Problem looks to be next door...
Thanks @ireneisdoomed!
Hi Irene / David I had a look at these two cases - for both of them the mechanism is unclear / unknown - so the mechanism of action field is set to null by our curators, but there is a reference provided that explains why- see the dailymed link to the drug label. e.g. https://dailymed.nlm.nih.gov/dailymed/drugInfo.cfm?setid=e81a2daf-b8b2-7c05-b532-bc775700b100 or https://dailymed.nlm.nih.gov/dailymed/drugInfo.cfm?setid=126747c4-39f3-4e20-8f3c-7b8596d8ba7d
Note that one of the three is the parent drug (CHEMBL637,VENLAFAXINE) - so it takes the aggregated data from the child drug form (CHEMBL5095051,VENLAFAXINE BESYLATE) so it shows the same information.
So it’s not a bug - rather it’s a feature of displaying unknown mechanism of action data….
14:16 So it’s not a bug - rather it’s a feature of displaying unknown mechanism of action data….

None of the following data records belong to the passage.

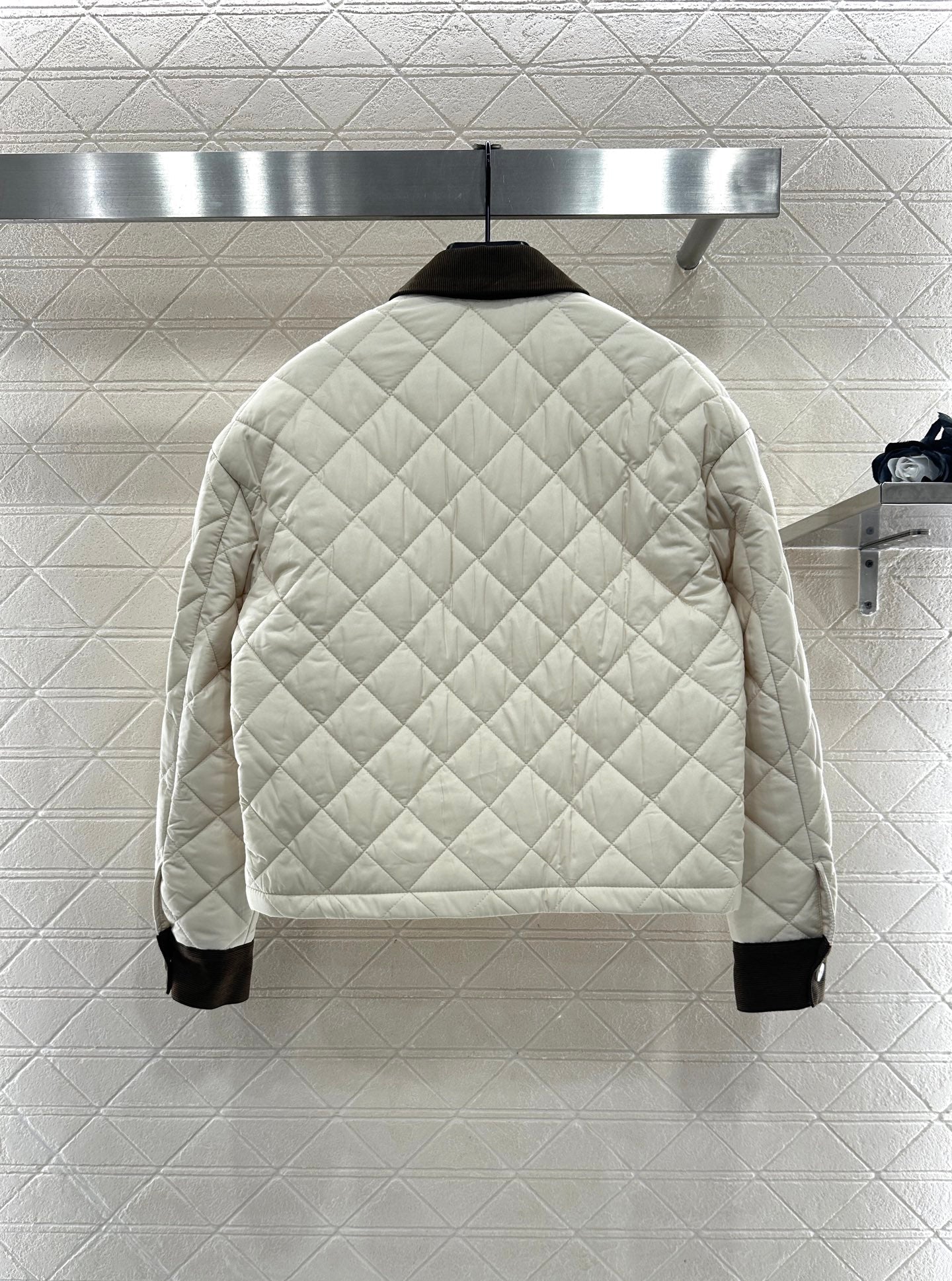 Corduroy collar diamond patterned cotton jacket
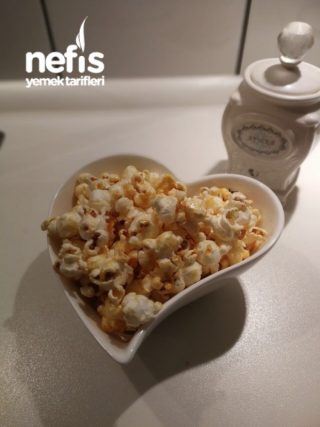 Sekerli Popcorn (sinemadaki Gibi)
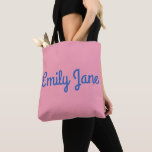 Tote Bag Simple Cute bleu et rose Personnalisé<br><div class="desc">Un joli design moderne simple de votre nom dans un style de typographie amusant en bleu cobalt sur un arrière - plan rose millénaire.</div>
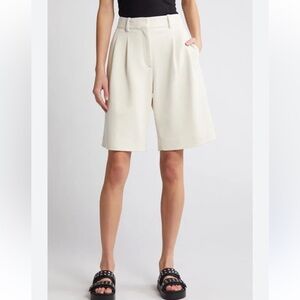 New H&M White Highrise Bermudas Dress Shorts Size 2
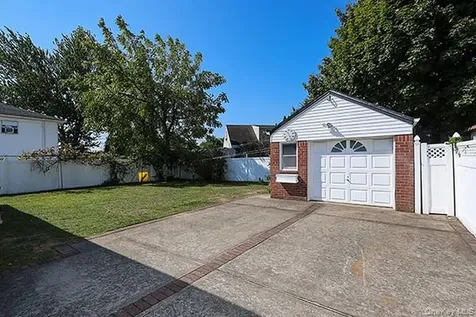 119 S 6th Street Bethpage NY 11714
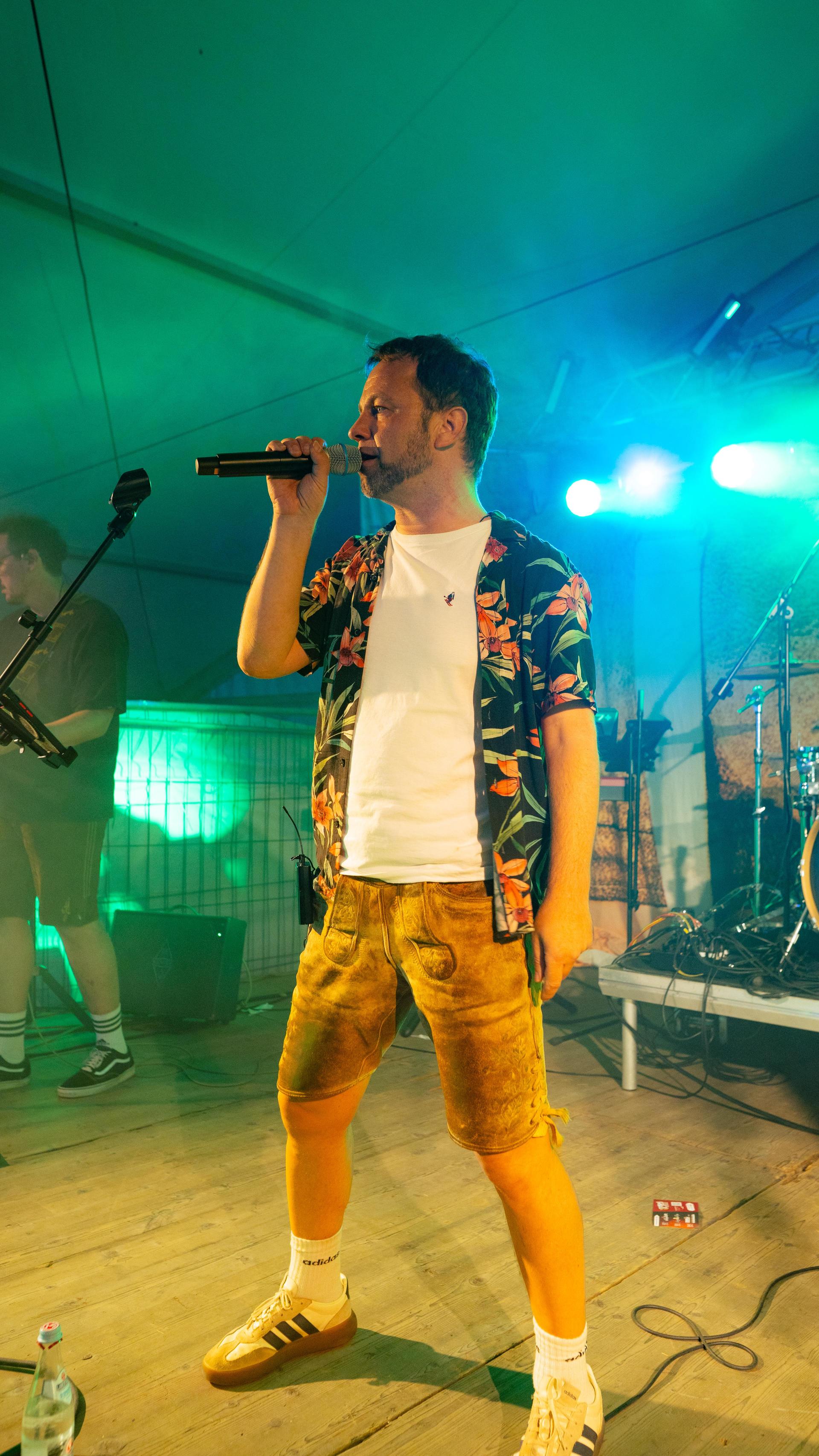 Gute Stimmung, volles Zelt und super Momentaufnahmen. (Bild: Hannes Stock)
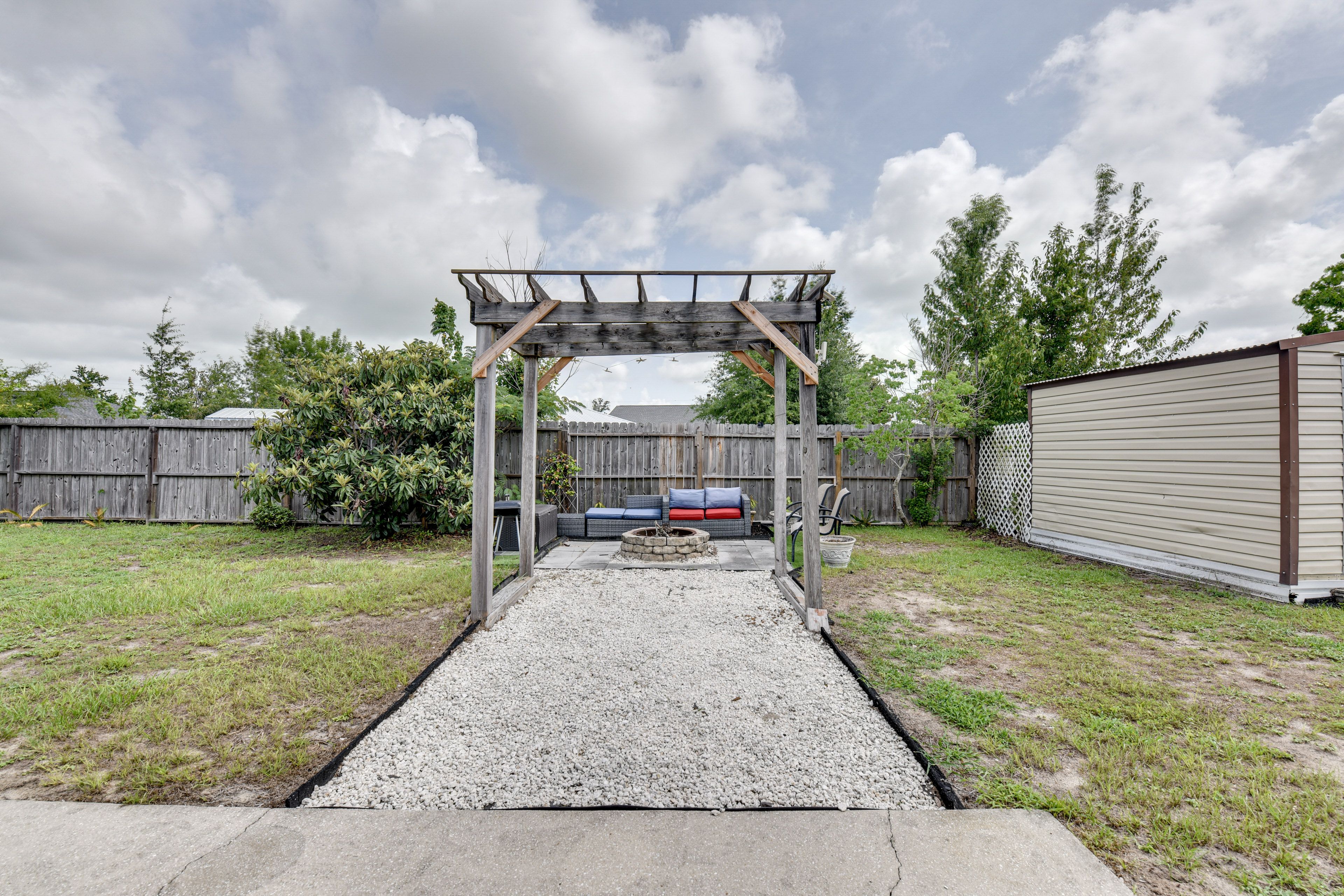 Patio | Fire Pit | Charcoal Grill | Lounge Seating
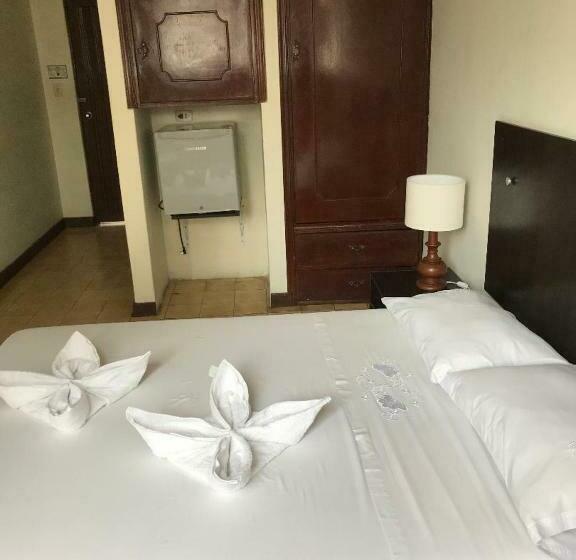 Номер Стандарт, San Nicolás Plaza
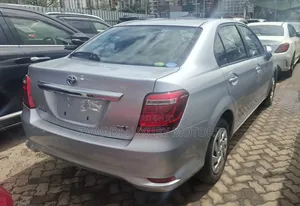 Toyota Axio 1.5 Hybrid 2WD 2020 Silver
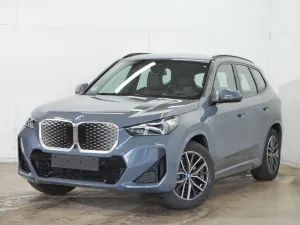 BMW iX1 xDrive30 -Aktivsitz -AC-Laden -M Sportpaket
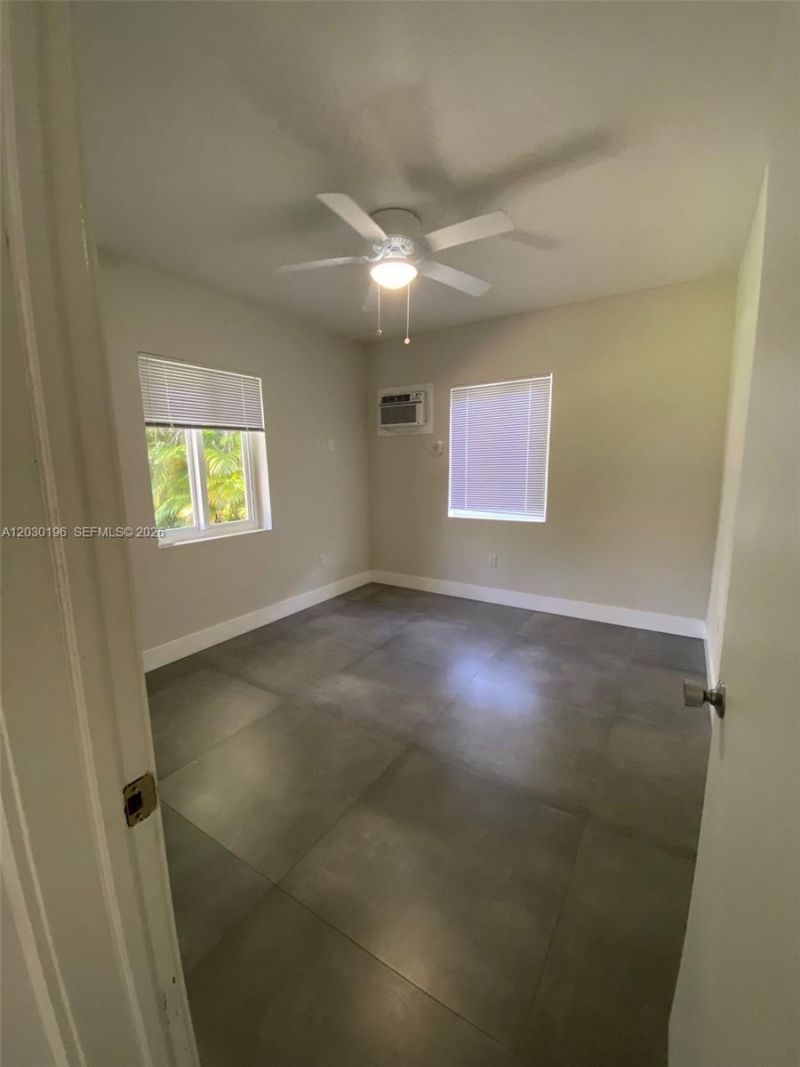 1511 NE 109th St , Miami, FL 33161 Photo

Thank you @FionaEBI for the explanation. As we discussed offline, I think we should revisit the way we handle missing information to have a less error prone representation of the curation. We could leave outside the MoA table records where the target could not be identified (this at the moment is described with empty values and "unknown" values). It is also important to bear in mind that removing the drugs from this table could impact our drugs coverage, as having a MoA is a requisite to be part of our drug index. I expect these cases to be very few. Let's discuss it in the next OT/ChEMBL meeting.
@carcruz
Will try to patch on FE for the time being. (temp fix)
For these 3 Chembl ids, where mechanismOfAction and target details is null, we will hide part of the row that crashes:
Unfortunately, this cannot (and shouldn't) be handle in the FE. The error comes from the API, this is causing apollo client to crash and, as expected, is stoping the render of elements. This process can not be changed or adjust for an specific query or use case
Response:
We are aiming for a solution in the data for the next release. We need to make sure we don't forget about this @prashantuniyal02
After inspection of the mechanism of action dataset with the new rules to filter this data, we have 5,556 records (down from 7042). None of them have:
mechanismOfAction
I consider this done.
Just double checking. Here you were talking about 3 ChEMBL IDs, but now we are dropping 1k+ moas? Are you sure we are not dropping any worthwhile information?
@d0choa Yes, I am. The MOA dataset is now cleaner, not only we dropped the null MOA curation, we also dropped those records where the curated targets/drugs list was empty as this could be error prone.
Data used:
http://ftp.ebi.ac.uk/pub/databases/opentargets/platform/latest/output/etl/parquet/mechanismOfAction/
gs://open-targets-pre-data-releases/23.09/output/etl/parquet/mechanismOfAction
old_moa.filter(f.size("targets") == 0).show(1, False, True)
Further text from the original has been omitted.